Saturday, April 26, 2008

The Main Contenders

Who are they and how do we pick them? Readers will know on this blog it's other than a handicapping exercise. Instead of picking the winner by our best handicapping effort, I'll try instead to identify the smartest trained horses, and we'll see how they do.

How to identify the "best trained". Let's make this other than subjective. The best trained horse will have to meet certain objective criteria:

1. Most works/races for the year.
2. Most furlongs breezed/raced for the year.
3. Most furlongs breezed/raced last 45 days
4. Most breezes/races last 45 days
5. Most track work in the 10 days before the derby.
6. Closest and fastest breezes to the Derby.
7. Longest breezes of the last two weeks.

This should give us a pretty good idea of the type of training and allow us within reason to separate the wheat from the chaff in terms of prepared horses. The results should also reveal the type of training done these days by the majority of the Derby trainers, for, I'll confide right off the bat, from what I've done so far there's a lot of similarity. There are however some surprising results.

To begin the weeding out process I'll take all the Derby PPs and determine in order of most volume to least, how many works/races for the year and then how many works/races 3/15 to 5/3 (I'm including the planned works in the next few days).

Most to least:
18/7 Pyro
18/6 Tale of Ekati--is Tagg working his horses. Why's Big Truck look so weak?
17/7 Colonel John
17/7 Bob Black Jack
17/7 Z Fortune
16/6 Anak Nakal--here's a suprise.
16/5 Big Truck--is he weak because he worked less recently?
15/6 Smooth Air--this horse has worked long, but average frequency.
14/6 Adriano
14/6 Cool Coal Man
14/6 Dennis Of Cork
14/6 Court Vision
14/5 Behind The Bar
13/6 Monba
13/6 Z Humor
13/5 Gayego
13/5 Cowboy Cal--this horse was injured for a while.
12/6 Recapturetheglory
11/7 Big Brown--he's played catch up. Tied from most since 3/15 though!!!

Notice I declined to include the fillies. Besides my usual "what's the point", fillies are lightly trained and endangered by racing against these. Rags survived the Belmont, barely.

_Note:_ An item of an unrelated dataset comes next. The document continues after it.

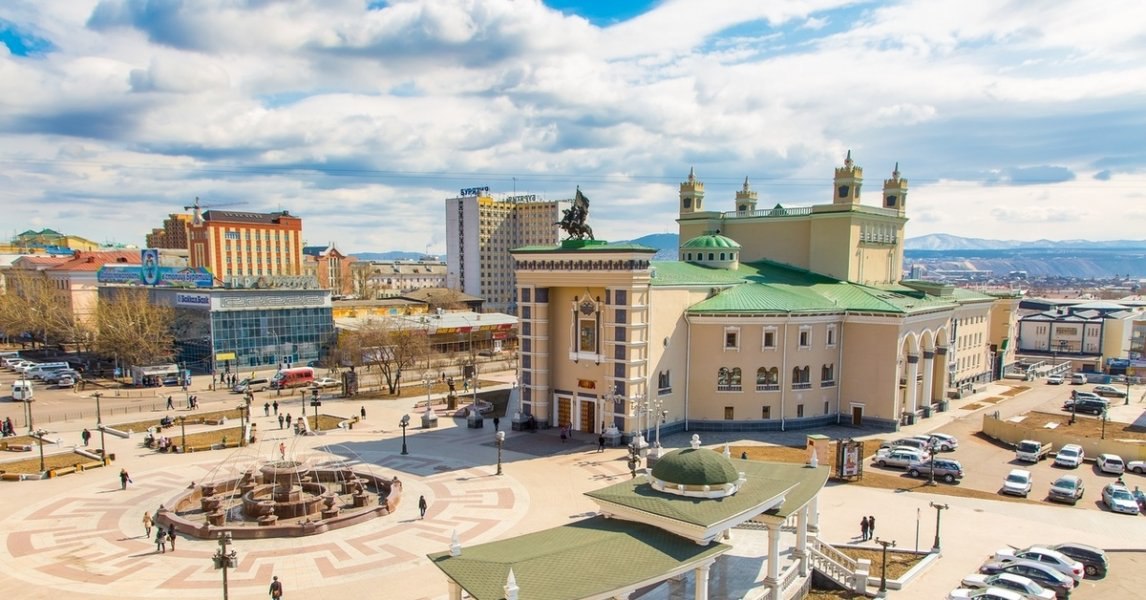 В Бурятии откроется первый в мире зарубежный Центр тестирования по монгольскому языку В пятницу, 4 июля, в Улан-Удэ откроется Центр монгольского языка и культуры. Это событие станет одним из ключевых в программе I Форума ректоров России и Монголии. Центр монгольского языка и культуры откроется на базе Бурятского госуниверситета им. Доржи Банзарова и станет первым в мире сертифицированным учреждением за пределами Монголии, где можно будет пройти профессиональную подготовку и сдать международный экзамен TOMFL. — Мы планируем не только проводить курсы по подготовке к экзамену TOMFL, но и реализовывать культурно-просветительские мероприятия, направленные на популяризацию монгольского языка, литературы и традиций. Это важный шаг для формирования устойчивого интереса к востоковедению и расширения гуманитарного взаимодействия наших стран, — подчеркнула Надежда Бадмацыренова, и.о. заведующего кафедрой филологии Центральной Азии Бурятского госуниверситета им. Доржи Банзарова. Бурятский государственный университет им. Доржи Банзарова — единственный в мире вуз, где более 30 лет непрерывно ведется подготовка специалистов по монголоведению на всех уровнях: от бакалавриата до аспирантуры. Особое место в образовательной стратегии занимает языковая стажировка в Монголии, которая реализуется совместно с Монгольским государственным университетом с 1994 года. В рамках форума министр науки и высшего образования Российской Федерации Валерий Фальков и министр образования Монголии господин Пурэвсурэнгийн Наранбаяр подпишут соглашение о сотрудничестве в области языковой политики. Этот документ станет ещё одним шагом к укреплению связей между Россией и Монголией в образовании, науке и культуре.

But, you want to know, so--Eight Belles: 8/4--is this ridiculous, that they're considering this horse to compete against the above? (Edit: this becomes 9/5 by Derby day.

What jumps out? Gayego for openers. If you watch the Arkansas Derby, yes he was in front at the wire, but barely moving. Scratch this horse from the contenders list on the above alone. And when we put it down on paper maybe there's too much hype over Smooth Air.

Nor will I take Pletcher or Mott's horses seriously based on the above. They've made their bed with light training and we'll see the desultory results on Derby day, I feel quite confident. Only Big Brown and Recapturetheglory get a pass here. The first started late but finished strong, and Rousell's horse is doing two mile gallops that I want to look at.

The whinnied down list next post. I'll look at furlongs and get to the crucial aspects of appropriate spacing and offday work to the Derby.

Training:
Groovin' Wind survived his mutilation. He's walking around eating grass and grain as if nothing happened. Reminder that they're just animals and probably very little goes on in those small brains. Kinder and gentler Wind, though. Art is back grazing in the pasture instead of hiding in the barn to avoid another attack. Both youngsters had a spirited riderless workout adopted to the off time. A little speed. They're flyers, and I'm happy about that.